Os gregos (não confundir com Tsipras) decidiram. Decidiram o seu futuro. Se bom ou mau, ninguém sabe (nem eles…). E decidiram de forma clara e esmagadora. Uma nota: conseguiram ter um referendo sobre o seu presente e futuro na Europa. Poucos países se podem gabar do mesmo. A começar por nós.

Foram os Gregos que decidiram. Foi-lhes permitido decidir. Agora está na mão dos políticos desta Europa saber interpretar os sinais. Sem esquecer que temos outros países a caminho de referendar questões europeias (assim de repente temos a Dinamarca e a Inglaterra).

A União Europeia é uma das mais fabulosas construções da humanidade. A livre circulação de pessoas foi uma conquista extraordinária que ajudou a mudar a Europa. Sem pretender ser exaustivo, recordo o abolir das fronteiras, o termos uma moeda comum, programas como o Erasmus e tantas outras coisas com as quais nos habituamos. Claro que existiram falhas, erros e asneiras. Como em todas as obras colectivas. Só espero, sinceramente, que todos os políticos europeus saibam estar à altura das circunstâncias. Que a arrogância tenha apanhado um valente susto. Que se lembrem que somos todos diferentes mas somos todos europeus.

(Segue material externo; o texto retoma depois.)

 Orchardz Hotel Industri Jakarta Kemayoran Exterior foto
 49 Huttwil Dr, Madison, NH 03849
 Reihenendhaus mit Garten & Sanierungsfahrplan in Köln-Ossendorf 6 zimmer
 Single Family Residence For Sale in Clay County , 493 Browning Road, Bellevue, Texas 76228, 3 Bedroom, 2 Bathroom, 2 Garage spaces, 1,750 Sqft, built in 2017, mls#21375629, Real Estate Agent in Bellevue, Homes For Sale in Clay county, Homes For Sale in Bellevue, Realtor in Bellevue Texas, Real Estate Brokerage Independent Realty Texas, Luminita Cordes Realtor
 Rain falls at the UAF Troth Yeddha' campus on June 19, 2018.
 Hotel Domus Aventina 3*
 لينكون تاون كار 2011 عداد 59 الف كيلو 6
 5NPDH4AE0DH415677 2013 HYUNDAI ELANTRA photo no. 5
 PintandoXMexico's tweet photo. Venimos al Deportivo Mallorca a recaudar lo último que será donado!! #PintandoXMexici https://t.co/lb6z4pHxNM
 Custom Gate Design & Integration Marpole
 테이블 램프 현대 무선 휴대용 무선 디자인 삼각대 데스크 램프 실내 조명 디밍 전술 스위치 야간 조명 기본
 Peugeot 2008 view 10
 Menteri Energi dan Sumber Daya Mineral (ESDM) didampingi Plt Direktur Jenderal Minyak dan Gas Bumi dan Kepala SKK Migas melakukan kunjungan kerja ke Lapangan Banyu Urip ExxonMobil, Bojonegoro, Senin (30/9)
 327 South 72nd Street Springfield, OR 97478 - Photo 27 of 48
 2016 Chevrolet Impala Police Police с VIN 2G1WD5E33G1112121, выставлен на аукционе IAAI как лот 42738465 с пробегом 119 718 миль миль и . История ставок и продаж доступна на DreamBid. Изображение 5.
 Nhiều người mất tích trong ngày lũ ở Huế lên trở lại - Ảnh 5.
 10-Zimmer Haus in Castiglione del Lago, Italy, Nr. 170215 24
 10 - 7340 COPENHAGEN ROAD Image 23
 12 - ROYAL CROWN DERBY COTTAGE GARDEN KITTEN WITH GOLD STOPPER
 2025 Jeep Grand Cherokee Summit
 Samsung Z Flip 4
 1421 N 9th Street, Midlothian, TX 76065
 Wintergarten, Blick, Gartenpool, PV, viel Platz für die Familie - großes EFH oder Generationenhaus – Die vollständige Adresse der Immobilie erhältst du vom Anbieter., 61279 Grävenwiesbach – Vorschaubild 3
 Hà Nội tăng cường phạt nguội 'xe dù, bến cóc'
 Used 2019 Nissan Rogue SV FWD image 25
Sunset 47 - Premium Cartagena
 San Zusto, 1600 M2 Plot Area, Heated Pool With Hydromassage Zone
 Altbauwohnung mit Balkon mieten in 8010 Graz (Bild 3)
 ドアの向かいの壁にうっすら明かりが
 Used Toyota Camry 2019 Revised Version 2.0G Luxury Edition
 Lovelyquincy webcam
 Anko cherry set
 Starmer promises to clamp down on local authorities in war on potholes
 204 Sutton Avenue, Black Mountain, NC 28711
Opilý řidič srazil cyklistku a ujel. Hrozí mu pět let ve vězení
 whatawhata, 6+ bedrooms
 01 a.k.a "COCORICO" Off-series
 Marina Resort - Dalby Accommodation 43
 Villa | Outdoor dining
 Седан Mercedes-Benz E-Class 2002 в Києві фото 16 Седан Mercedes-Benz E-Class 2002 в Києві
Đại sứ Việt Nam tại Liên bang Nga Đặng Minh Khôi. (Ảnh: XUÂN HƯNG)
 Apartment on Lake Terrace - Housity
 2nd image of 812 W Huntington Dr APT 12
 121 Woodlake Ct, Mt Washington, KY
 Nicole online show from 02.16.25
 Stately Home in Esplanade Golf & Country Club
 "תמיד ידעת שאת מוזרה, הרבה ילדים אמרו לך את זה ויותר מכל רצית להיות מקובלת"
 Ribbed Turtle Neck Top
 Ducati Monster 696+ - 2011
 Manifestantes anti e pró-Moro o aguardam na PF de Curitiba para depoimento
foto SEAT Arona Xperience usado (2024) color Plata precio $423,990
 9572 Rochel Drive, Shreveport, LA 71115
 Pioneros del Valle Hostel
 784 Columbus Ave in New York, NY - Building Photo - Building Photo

Estou nos antípodas do Syriza em termos ideológicos. Porém, ser democrata é saber reconhecer e respeitar as escolhas dos povos e os gregos, nas últimas eleições, assim escolheram. Da mesma forma que, neste referendo, escolheram o “Não”. Perante a sua escolha só existem dois caminhos: compreender e procurar enquadrar a sua escolha dentro dos superiores interesses de uma Europa unida ou, o que alguns andam a salivar, retaliar. Escolhendo a segunda vamos matar o projecto europeu, esse extraordinário legado dos nossos pais. Quem quer fazer o papel de coveiro?

Comments


  1. A UE é um projecto de colonização, domínio e consequente saque, engendrado pelo capitalismo, com palavras meigas, como todas as grandes vigarices, e malévolas intenções. É um projecto totalitário, nunca foi sequer referendado, ao serviço da banca alemã e alguma francesa, integrado em ambições do imperialismo.
    Este referendo veio por a nu, se outras virtudes não tivesse, a verdadeira face desta Europa.


  2. Excelente post. Provavelmente só nos próximos das, talvez até dia 20 é que os gregos vão perceber em que é que votaram.
    Há uma desconexão entre o que os gregos julgam que votaram e o que os outros europeus sentem que devem fazer; podemos chamar.lhe ilusão, infantilismo, política, colonização…mas sendo realista, se perguntarem a mesma coisa a gregos e a alemães o resultado vai ser o oposto. Agora depende de cada um excluir aqueles que cada um acha mais ou menos democratas para que haja um resultado que se possa aplicar em concreto no eurogrupo.
    A independencia e a dependencia nunca se deram bem; basta pensar o que sofremos enquanto adolescentes.

  3. Nightwish says:

    E já a seguir, o TiSA.

  4. joão lopes says:

    o que os gregos responderam de forma clara ,honesta e olhos nos olhos,foi que não querem que seja a chanceler alemã a mandar na europa.angela merkel tem um mandato para governar a alemanha, não a europa.alias,uma parte significativa dos europeus pensam o mesmo.simplesmente,os respectivos governos NÃO fazem um referendo por cobardia e porque não passam de paus mandados da angela merkel.a prova está,em que em portugal a divida aumentou,preparando-se para se tornar…impagavel.


  5. É preciso recordar a muita gente os principios que orientaram a criação da União Europeia e que nos deram estes 70 anos de paz ; os dirigentes alemães depois de perderem as duas guerras mundiais ,e terem sido ajudados pelo colectivo ocidentel na sua reconstrução,estão a dar a impressão que se querem vingar pelas derrotas do Hitler …jogando na batota financeira para ganharem a terceira guerra mundial !!!